§ Problem details
Below are some records. Retype exactly the lines from the one containing "KAYANA Leather Gymnastics" through the one containing "Boho Cow Skull and Feathers Wallet Buckle", both included, skipping every picture.

(Record extracts Opens)

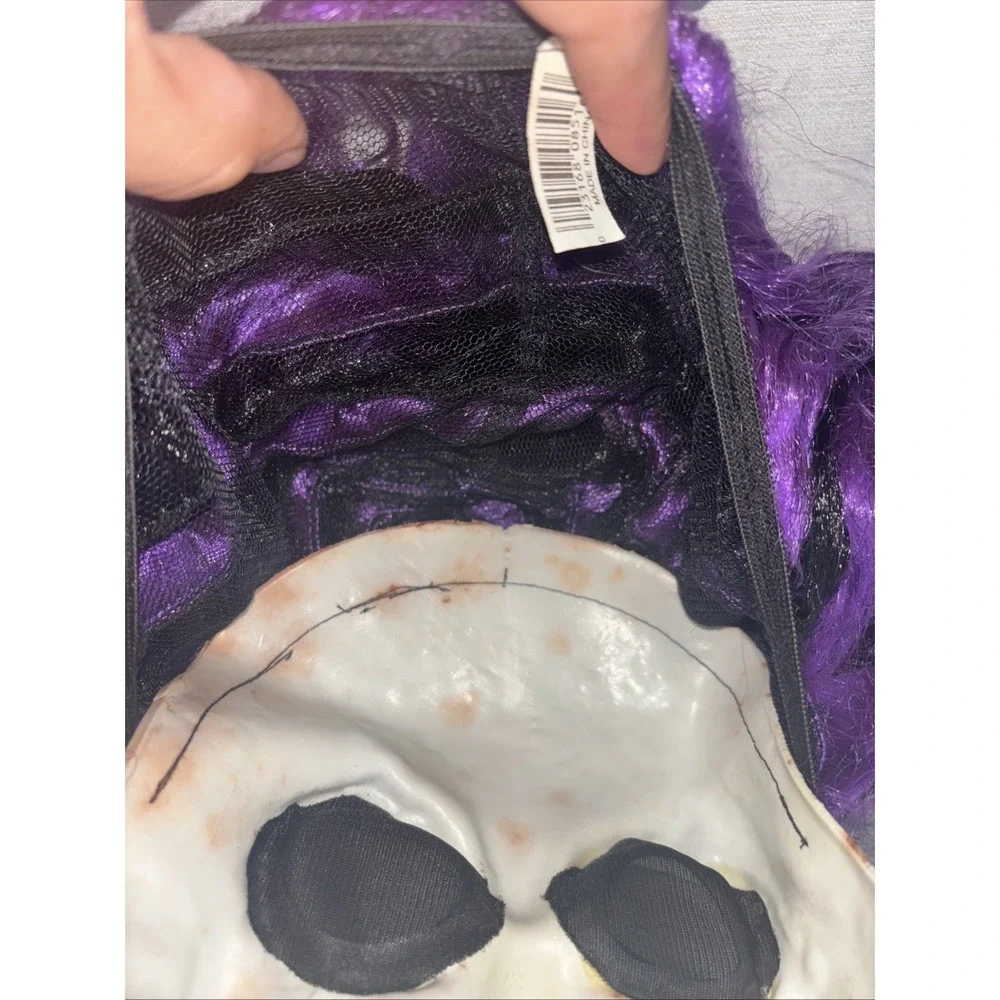 Easter Unlimited Skull Skeleton‎ Halloween Face Mask w/ Teeth Full Head Wig Hair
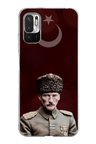 Redmi Note 10 5G Uyumlu Ay Yıldız ve Başkomutan Atatürk Baskılı Silikon Kılıf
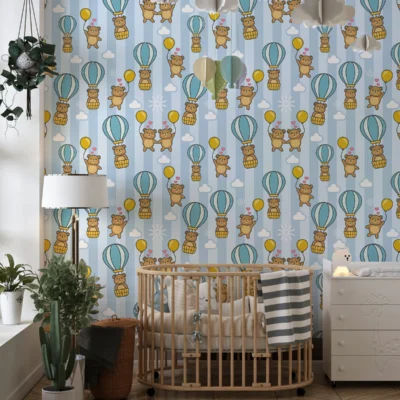 PP00165-WEBs Papier Peint Motif Nounours Ballon Volant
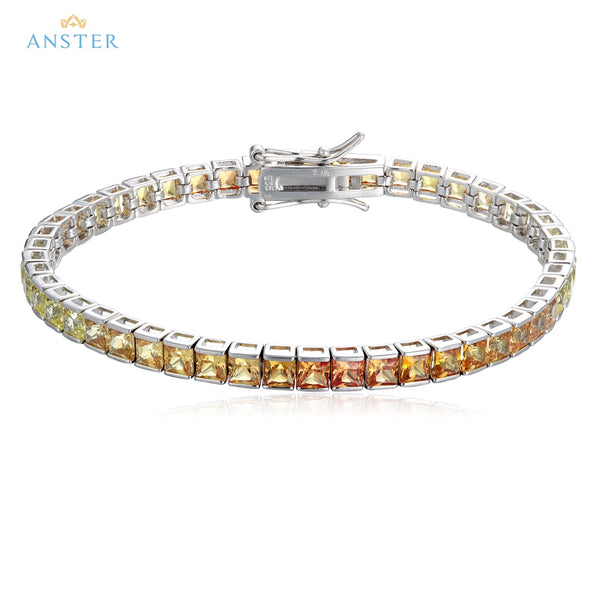 S925 silver cultured colored sapphire bracelet (CH03105-9)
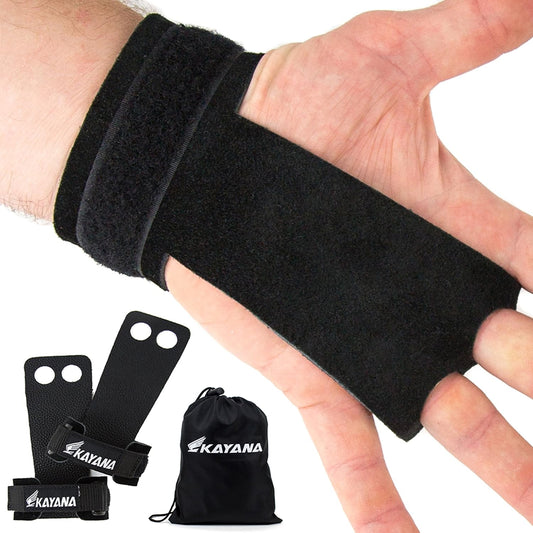 KAYANA Leather Gymnastics Hand Grips - 2 Hole Design for Palm Protection and Wrist Support in Cross Training, Weightlifting, and More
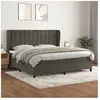 vidaXL Sommier à lattes de lit et matelas Gris foncé 200x200cm Velours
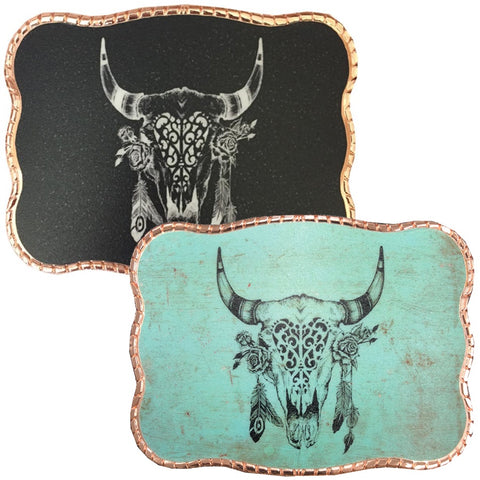 Boho Cow Skull and Feathers Wallet Buckle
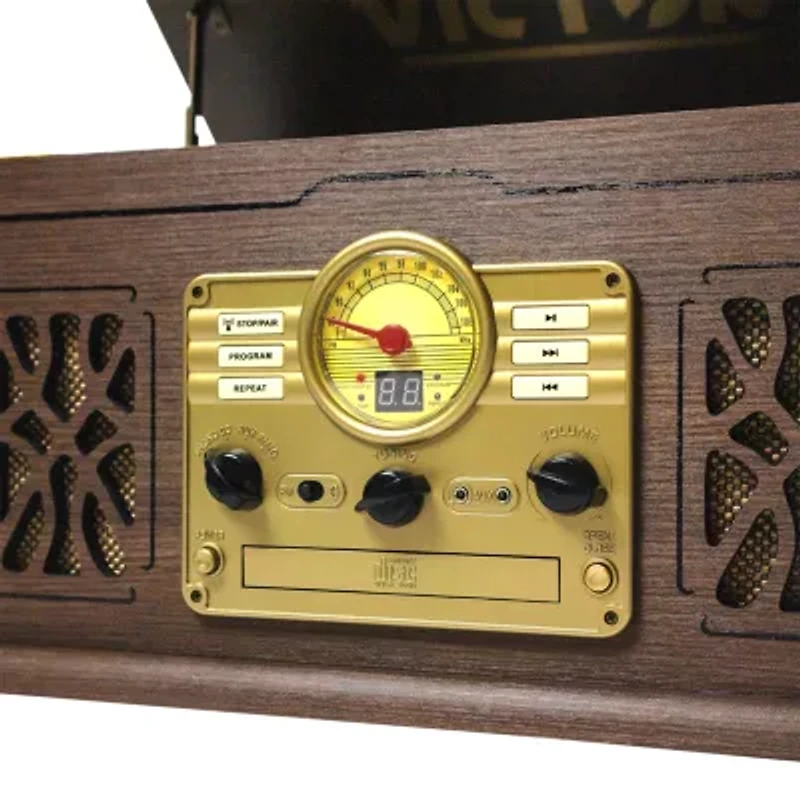 Victor state 7-in-1 espresso wood music Turntable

(Record extracts Closes)

§ Response to this exercise
 KAYANA Leather Gymnastics Hand Grips - 2 Hole Design for Palm Protection and Wrist Support in Cross Training, Weightlifting, and More
 vidaXL Sommier à lattes de lit et matelas Gris foncé 200x200cm Velours
 Boho Cow Skull and Feathers Wallet Buckle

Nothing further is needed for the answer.